While there has been shown and described a preferred embodiment of the present invention, it will be understood by those skilled in the art that various rearrangements and modifications may be made therein without departing from the spirit and scope of the invention.

Claims

1. A water-waste separator comprising a trough into which mixed water and waste is introduced at one end thereof, a first opening in the bottom of said trough intermediate of the ends thereof, a second opening in the bottom of said trough at the other end thereof, a plurality of horizontal laterally spaced apart elongated grid bars overlying said first opening and accommodating the flow of water therethrough into said first opening, a stationary transverse wiper unit along the upstream side of said first opening and having a plurality of laterally spaced apart apertures, said grid bars being slidably supported in said apertures of said wiper unit, and means for oscillating said grid bars whereby waste collected thereon is cyclically forced by said wiper unit over the ends of said grid bars and is directed into said second opening.

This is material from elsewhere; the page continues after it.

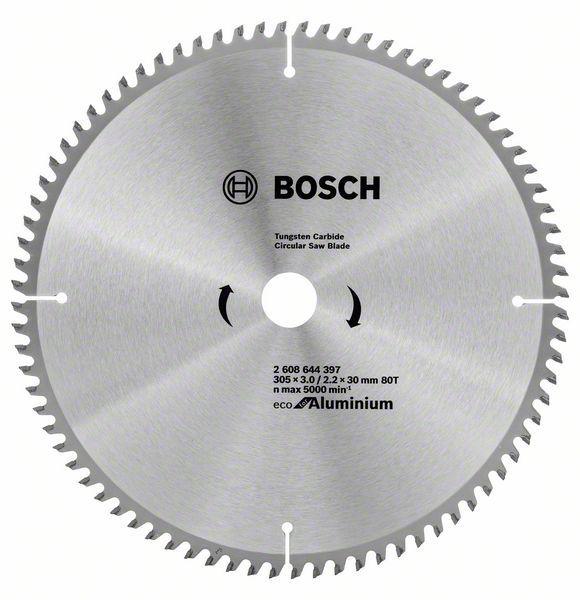 Пильный диск Bosch Eco for Aluminium 305х30, Z80 - фото 2 - id-p57378116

2. A water-waste separator comprising a trough into which mixed water and waste is introduced at one end thereof, a first opening in the bottom of said trough intermediate of the ends thereof, a second opening in the bottom of said trough at the other end thereof, a plurality of horizontally laterally spaced apart elongated grid bars overlying said first opening and accommodating the flow of water therethrough into said first opening, stationary side-by-side C-shaped wiper segments along the upstream side of said first opening, said grid bars being slidably supported in said wiper segments, and means for oscillating said grid bars whereby waste collected thereon is cyclically forced by said wiper segments over the ends of said grid bars and is directed into said second opening.

3. The water-waste separator of claim 2 wherein said first and second openings are defined by an intermediate transverse web member, and the one ends of said grid bars are slidably supported on said web member.

4. The water-waste separator of claim 1 wherein said means for oscillating said grid bars comprises a generally horizontally movable L-shaped push-pull drive member having horizontal and vertical leg portions with the end of said vertical leg portion being pivotally connected to said grid bars, and drive means for effecting movement of said drive member.

5. The water-waste separator of claim 4 wherein said drive means comprises a crank arm, a connecting link pivotally connected at its one end to said crank arm and at its other end to the end of said horizontal leg portion, a reaction link pivotally connected at its one end to said end of said horizontal leg portion and at its other end to a stationary pivot point, and means for revolving said crank arm.

6. The water-waste separator of claim 1 including a reservoir tank beneath said trough, and conduit means between said first opening and said reservoir tank for conveying water from the former to the latter.

7. The water-waste separator of claim 6 including a mechanical waste disposal unit communicating with said second opening for receiving waste therefrom and comminuting the same.